Recently I wrote a grant proposal for $30,000, and of course, at the end, there it was, the Sustainability Question. “How will you sustain your program when support from the XYZ foundation runs out?” I took a deep breath. And by “taking a deep breath,” I meant chugging a mini bottle of vodka I keep in my laptop bag. Then I looked at pictures of cute baby animals. That always helps me to calm down.

The Sustainability Question is annoying. (Please see “The Sustainability Question: Why it is so annoying.”) We nonprofits are constantly thinking of how to bring in revenues. Constantly. To be asked how we will continue to fundraise is like being asked, “How will you continue breathing?” Unless a funder provides 50% or more of a project’s revenues, there is no need to ask the Sustainability Question. I’ve seen grants for as little as $5,000 ask the irritating, obnoxious question. I am trying to raise on average a million dollars each year for the next seven years in order to get more people of color to enter the nonprofit sector. $30,000 is incredibly helpful and much appreciated—we don’t even take a $5 donation for granted—but holy hummus, it is not nearly enough, and when it is gone, and even when it’s there, we will continue to do what all EDs and other development staff have done since the beginning of time: Fundraise, and wake up screaming from cashflow-related night terrors.

Since it is not going away any time soon, and all of us are forced to hold our noses and answer it each time we come across it, let’s develop a standardized response to the Sustainability Question that we can just copy and paste. This will save us time and energy—time and energy that we can spend on stuff like helping people. Here are drafts of the standardized version, along with other versions in case you’re feeling adventurous. Let me know your thoughts:

The Standardized Response:

Understanding the importance of long-term sustainability, [your organization]’s staff and board are constantly developing and implementing plans to diversify our funding.
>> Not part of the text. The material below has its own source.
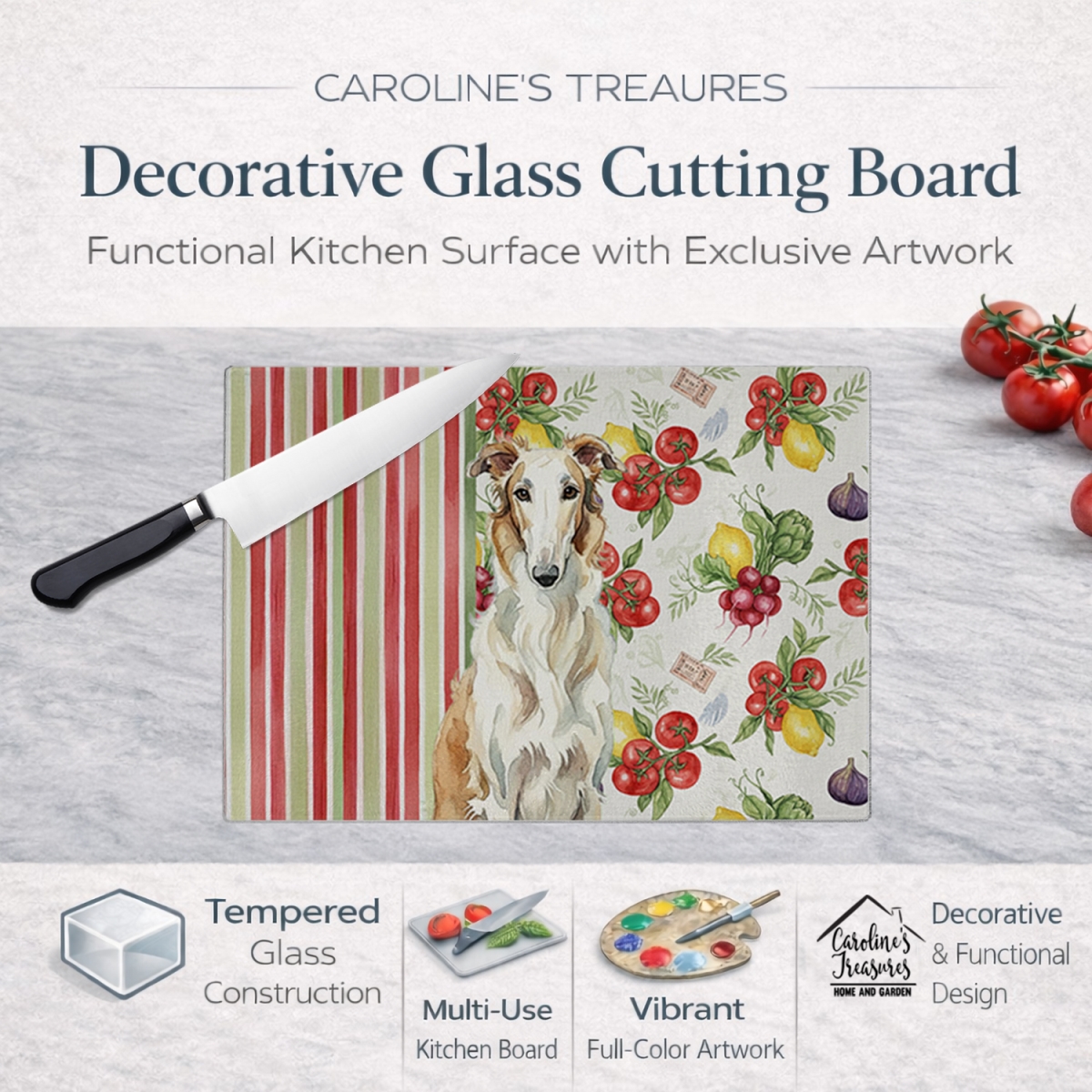 Picture of Carolines Treasures WDK8130LCB 11.25 x 15.25 in. Borzoi Vegetables Glass Cutting Board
We are confident we will be able to increase our programmatic and organizational sustainability through a combination of several strategies:

  • Strengthening both board and staff’s fundraising capacity through professional development opportunities
  • Building and sustaining relationships with other local foundations
  • Developing stronger ties to local corporations as well as to small businesses
  • Improving and innovating on our special events in order to bring in more revenues
  • Evolving our annual mailing campaign through innovative donor-centric communication
  • Expanding our individual donor cultivation activities, and
  • Exploring earned-income strategies

We believe that through a robust fundraising plan combined with an organizational culture of philanthropy, [your organization] will be able to sustain, expand, and scale its program to effectively serve the community for the long-term. [If space allows, you may want to expand on each bullet point by listing out specific examples].

Short version

The long-term sustainability of our program is a high priority for [your organization]. We will continue to develop our staff and board’s ability to fundraise in order to diversify our revenues. Our funding strategies include building relationship with other foundations, cultivating support from corporate sponsors and individual donors, increasing revenues from special events, refining our annual appeal process, and exploring income generation such as through the online sales of inspiring macaroni artwork made by the youth in our after-school program [tailor this last sentence to add specificity about potential earned-income streams].

Seattle version 

Long-term sustainability is a high-priority for [your organization]. After support from the XYZ Foundation ends, we will continue to diversify our funding through the following ways: Cultivating individual donors who align with our values of environmental justice, hosting carbon-neutral events featuring organic local farms, building relationships with local family-owned businesses that make artisanal products in small batches, and exploring opening a recreational marijuana store as an earned-income strategy.

Canadian version 

Long-term sustainability, eh? We have been working on diversifying our revenues, including developing partnerships with local businesses. For example, we talked to the manager of Timmy’s, and for every ten double-doubles sold, they’re donating a loonie. We’ll improve our Poutine and Beer event to build relationship with major donors. And there is also a long online queue for the toques and bunnyhugs the staff have been making.

“Innovative” version

Our organization is on the forefront of innovation, which we will apply to increase our long-term sustainability and impact. Through collective mind-melding, board and staff will harvest synergy and shift the paradigm for evidence-based crowdsourcing to increase individual contributions. In addition, technical advances hybridized with holistic storytelling and impact investment through venture capitalism will allow our team to leverage income-generation via cryogenic preservation offered to major donors on the edge of existential discoveries.

Folksy version

Well, don’t you worry a wink, we’ve got that whole long-term sustainability business taken care of. We are not about to let our community folk suffer like a possum in a spit bucket on account of running out of grease for the engine. We have plans to keep this programming hog humming, and they include hollering at the local business fellers, hosting events that are as special as a slice of ham and three eggs, and selling our office-brewed moonshine for a few coins here and yonder.

Poetic version

Doth the wave not crash eternal against the shoals? So too shall we continue to lash against the shores of injustice. Long after Time has effaced your footsteps from the sands of outcomes, the tides of fundraising shall continue to rise and fall.

Short and simple version

We will leave you alone, and bother other people.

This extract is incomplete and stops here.